April 26, 2024

Source Code and Object Code

[This item is long and geeky. Sorry about that. I hope that at least some of you will find it interesting. The rest of you can skip right to the (slightly) pithier items below.]

When lawyers discuss software, they typically draw distinctions between source code and object code. These distinctions often fail to account for the nature of real code, and so are less useful than they seem. Indeed, they are often misleading.

Here’s an example of a source/object code distinction. Larry Lessig proposes that object code be subject to copyright (as it is today), but only if the associated source code is put in escrow, to be released when the copyright expires (a requirement that does not exist today).

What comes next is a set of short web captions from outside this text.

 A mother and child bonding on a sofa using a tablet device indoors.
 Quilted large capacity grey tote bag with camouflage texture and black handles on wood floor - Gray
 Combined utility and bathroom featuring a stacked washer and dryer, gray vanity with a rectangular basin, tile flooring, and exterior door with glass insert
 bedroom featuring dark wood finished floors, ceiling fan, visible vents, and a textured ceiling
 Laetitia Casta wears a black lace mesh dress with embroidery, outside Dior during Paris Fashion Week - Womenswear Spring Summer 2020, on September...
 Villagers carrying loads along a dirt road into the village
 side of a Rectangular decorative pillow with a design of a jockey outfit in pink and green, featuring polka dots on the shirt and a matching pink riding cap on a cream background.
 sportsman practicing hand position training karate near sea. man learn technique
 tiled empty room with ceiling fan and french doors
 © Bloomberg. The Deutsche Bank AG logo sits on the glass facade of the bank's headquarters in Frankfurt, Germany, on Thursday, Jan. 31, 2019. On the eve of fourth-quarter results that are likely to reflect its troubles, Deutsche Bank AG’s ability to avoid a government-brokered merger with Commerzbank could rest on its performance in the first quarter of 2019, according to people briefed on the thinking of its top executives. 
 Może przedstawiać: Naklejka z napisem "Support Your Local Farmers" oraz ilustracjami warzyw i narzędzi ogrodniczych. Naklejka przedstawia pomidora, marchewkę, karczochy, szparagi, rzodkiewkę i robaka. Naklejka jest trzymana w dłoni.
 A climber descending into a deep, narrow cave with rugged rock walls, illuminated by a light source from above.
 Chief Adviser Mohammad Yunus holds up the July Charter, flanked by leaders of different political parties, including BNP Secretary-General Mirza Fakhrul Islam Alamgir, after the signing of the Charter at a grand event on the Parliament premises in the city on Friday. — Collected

The source/object code distinction assumes that code is developed in a particular way, which I’ll call the Standard Scenario for short. In the Standard Scenario, the programmer writes code in a textual form (“source code”), and this code is translated (by a program called a compiler) into another form (“object code”) which can be executed directly by a computer. The code is then distributed in object code form.

In the Standard Scenario, there are indeed two forms of code. Source code is human-readable but cannot be executed directly. Object code is not human readable but can be executed by a computer. Much information is lost in the translation from source to object code, so the object code cannot be used to reconstruct fully the original source code.

The problem is that the Standard Scenario is becoming less and less standard.

As David Reed points out, sometimes there is only one form of code. In a scripting language like Perl, the programmer writes source code. However, rather than translating that code into object code, the code is fed directly to a program called an interpreter, which carries out the code’s instructions – but without ever translating the code into object code. So there is no object code, and the code is distributed and executed in the original source code form.

What Reed doesn’t say is that sometimes there are more than two forms of code. In Java, for instance, a programmer writes code in the Java language. This code is translated by a compiler into a form called “bytecode” which, contrary to the Standard Scenario, is not object code, i.e. it cannot be executed directly by a computer. The code is distributed in bytecode form, and it can be executed in one of two ways: by feeding it directly to an interpreter, or by having the consumer translate it into object code. (The latter is now more common.) Thus, in Java there are (usually but not always) three forms of code: one for writing the program, one for distributing it, and a third one for executing it.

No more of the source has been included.